Hay cosas en la vida que parecen simples, pero que en realidad sostienen silenciosamente nuestra forma de pensar, decidir y vivir. Una de ellas es la lectura. Leer no cuesta nada: ni compromete, ni obliga, ni exige más que un mínimo acto de voluntad. Y sin embargo, transforma más que muchos cursos, talleres o entrenamientos que presumen cambiarlo todo en unas cuantas horas.
Leer no cuesta nada, pero abre puertas que nadie más puede abrir por nosotros. No solo nos regala información, nos otorga perspectiva. Nos muestra aquello que no sabíamos que ignorábamos. Nos enfrenta con ideas que no siempre confirman nuestras creencias, pero que nos ayudan a pensarlas mejor. Nos deja ver otros mundos, otras vidas, y también los rincones de nuestro propio interior que preferimos dejar en silencio.
Hoy las opiniones parecen fabricarse en serie, y la lectura es un acto de resistencia. Leer es detenerse cuando todo empuja a correr, es profundizar cuando lo fácil es quedarse en la superficie. Es un recordatorio de que pensar no es un lujo, sino una responsabilidad.
Pero quizá lo más valioso es que, al leer, nos volvemos mejores conversadores con nosotros mismos. Para cuestionarnos, para incomodarnos, para poner en duda lo que dábamos por hecho. Leemos para aprender, pero sobre todo para reflexionar. La lectura es esa maestra silenciosa que no califica, pero sí confronta. Es un espejo que nos devuelve preguntas:
¿Por qué pienso como pienso? ¿Qué tan firme es mi criterio?
¿Qué parte de mí está creciendo… y cuál se está quedando atrás?
Leer no cuesta nada, pero sí evita que paguemos un precio más alto, el de quedarnos con la primera idea, con la versión más cómoda.

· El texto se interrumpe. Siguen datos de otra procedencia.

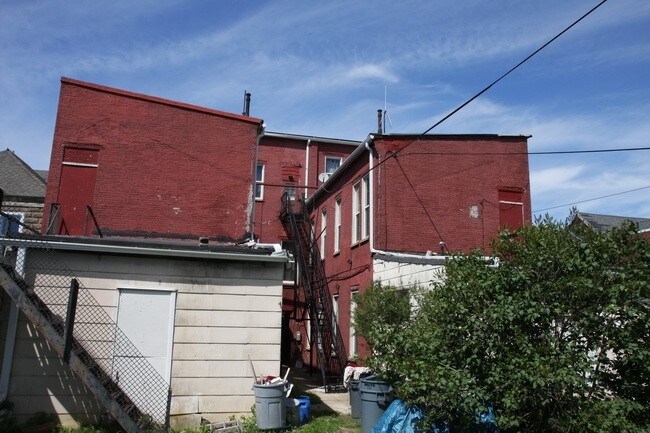 Photo - 518 S Main St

Por eso, hoy más que nunca, la lectura debe volver a ser un hábito indispensable para quienes lideramos, decidimos o acompañamos a otros. No importa si es un libro, un artículo o una columna como esta. Lo importante es abrir la puerta y dejarnos sorprender.
Leer no cuesta nada. Lo que cuesta —y mucho— es vivir sin cuestionarnos.